Task details | Pictures excluded, please retype exactly the lines from the start of the data through the line that contains "6986671-受信装置及び受信方法 図000129", both ends kept, and nothing beyond them.

Input data |

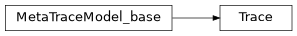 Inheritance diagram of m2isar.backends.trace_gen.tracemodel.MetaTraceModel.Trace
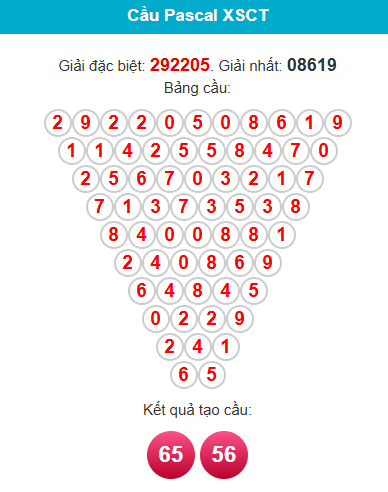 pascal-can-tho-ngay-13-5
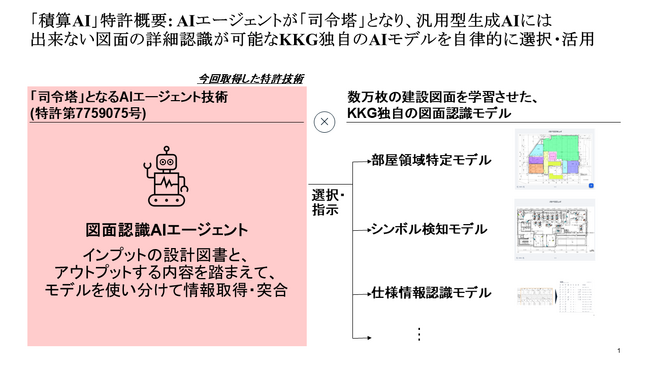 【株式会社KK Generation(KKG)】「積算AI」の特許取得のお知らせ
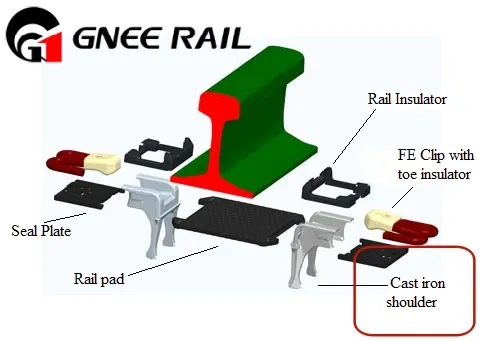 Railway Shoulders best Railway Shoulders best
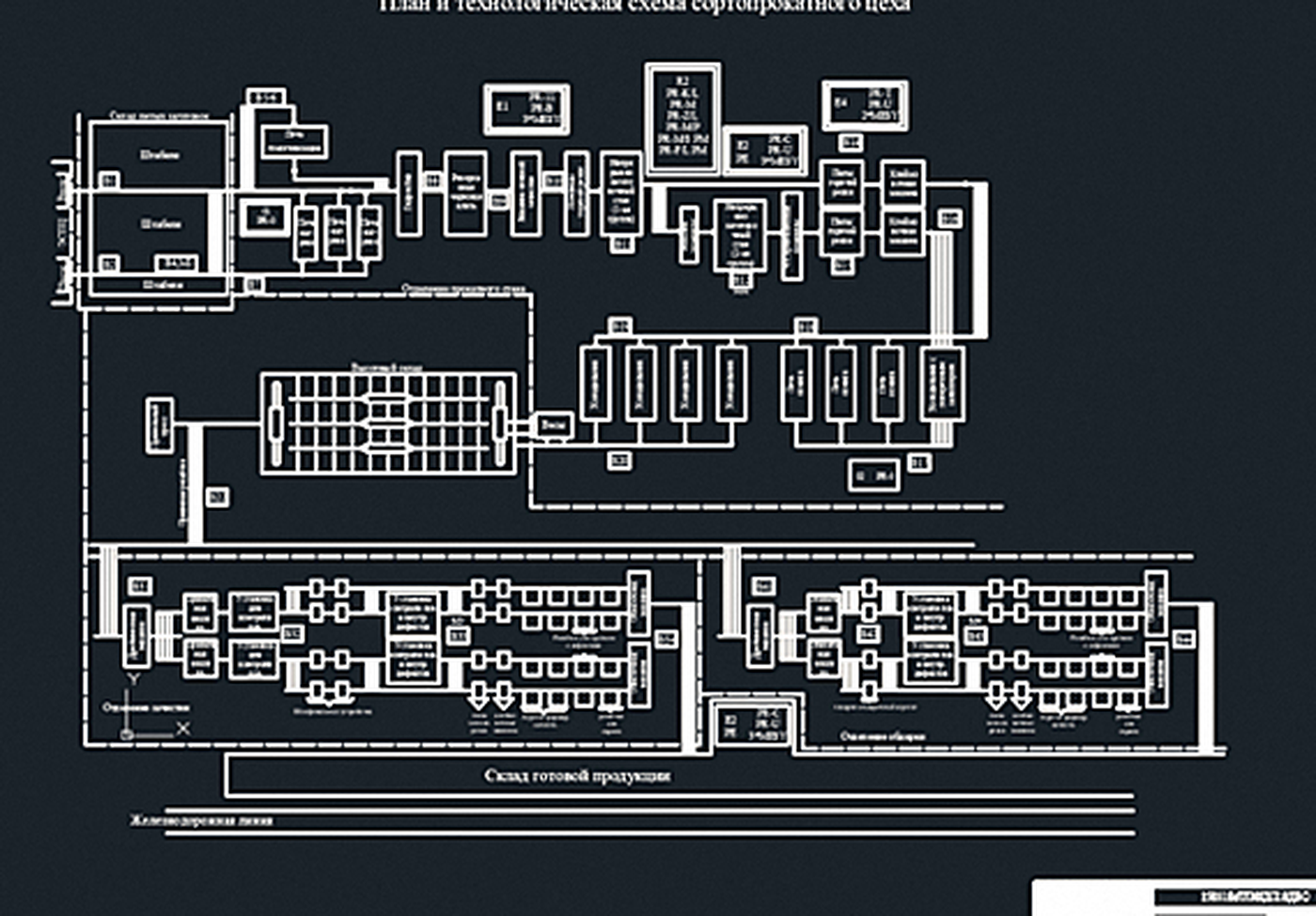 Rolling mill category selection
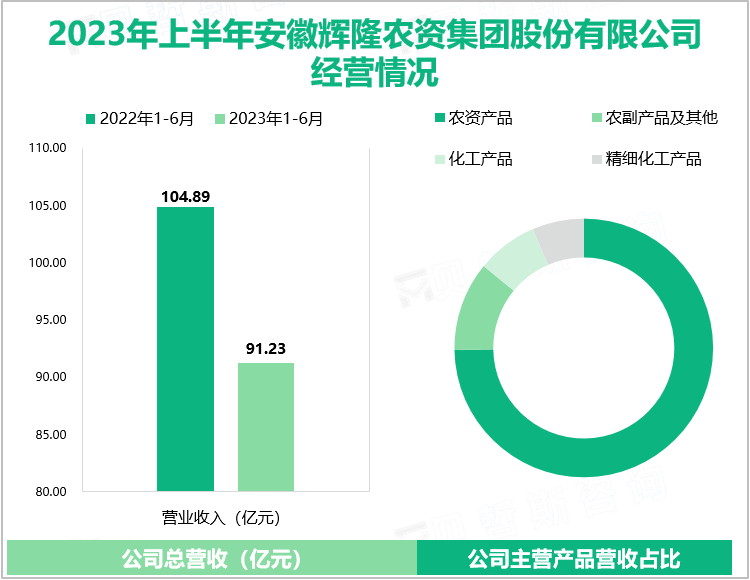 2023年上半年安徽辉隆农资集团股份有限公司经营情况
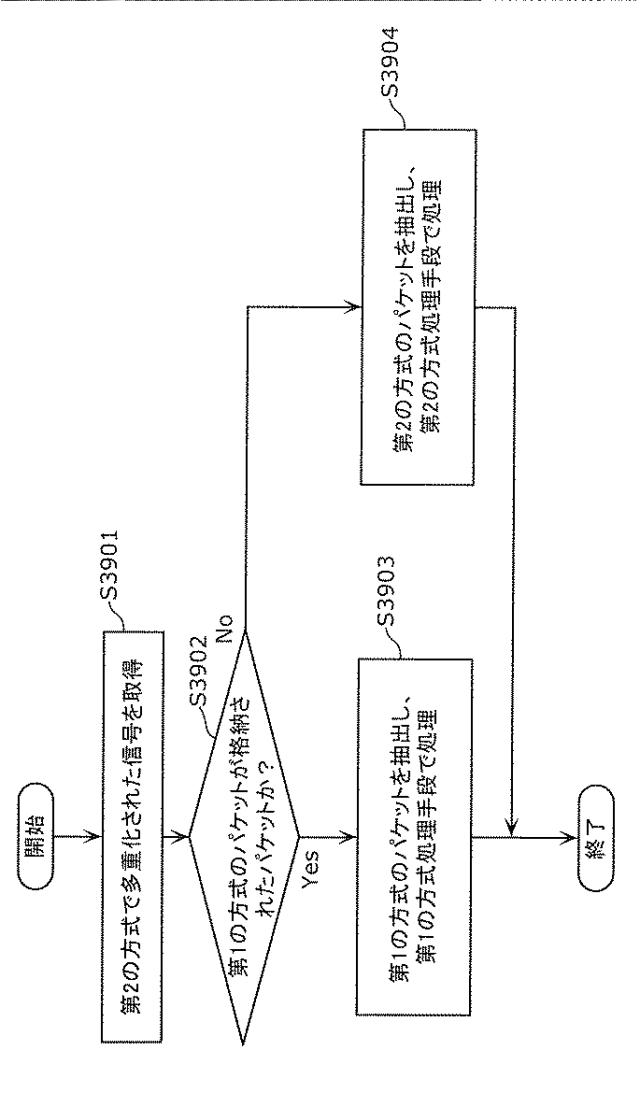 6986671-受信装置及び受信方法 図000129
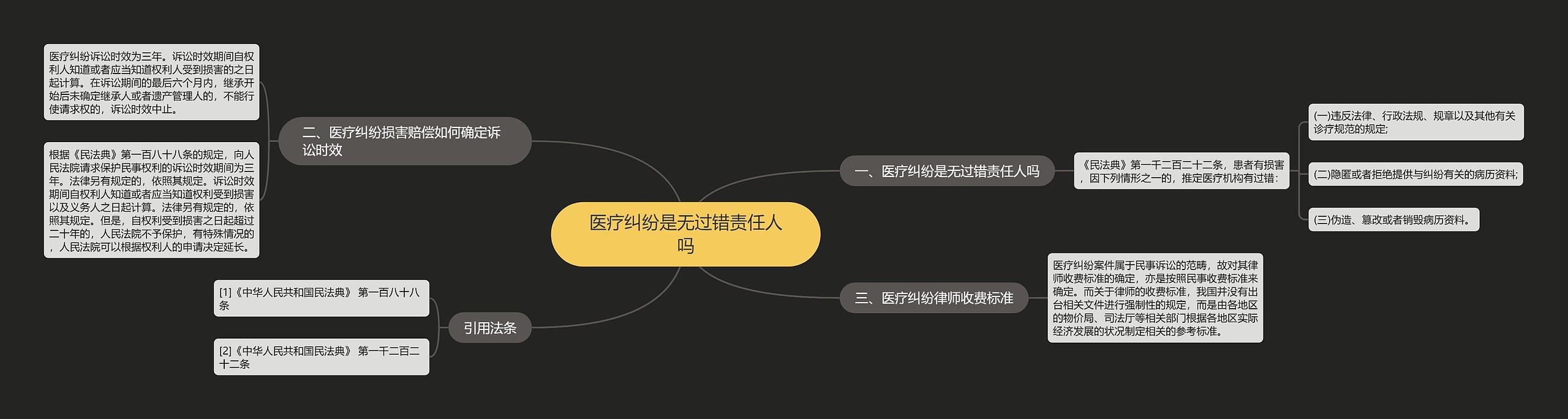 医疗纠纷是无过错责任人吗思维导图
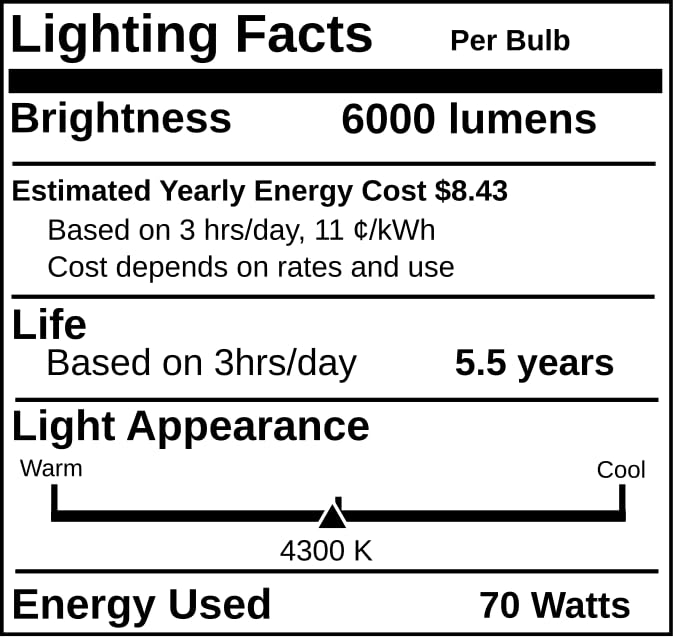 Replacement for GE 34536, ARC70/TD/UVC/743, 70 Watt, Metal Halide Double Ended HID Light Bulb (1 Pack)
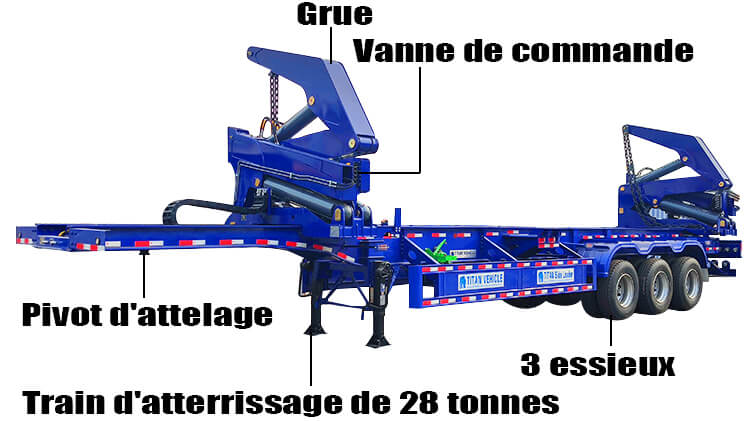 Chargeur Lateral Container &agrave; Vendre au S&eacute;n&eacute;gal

Response to this task |
 Inheritance diagram of m2isar.backends.trace_gen.tracemodel.MetaTraceModel.Trace
 pascal-can-tho-ngay-13-5
 【株式会社KK Generation(KKG)】「積算AI」の特許取得のお知らせ
 Railway Shoulders best Railway Shoulders best
 Rolling mill category selection
 2023年上半年安徽辉隆农资集团股份有限公司经营情况
 6986671-受信装置及び受信方法 図000129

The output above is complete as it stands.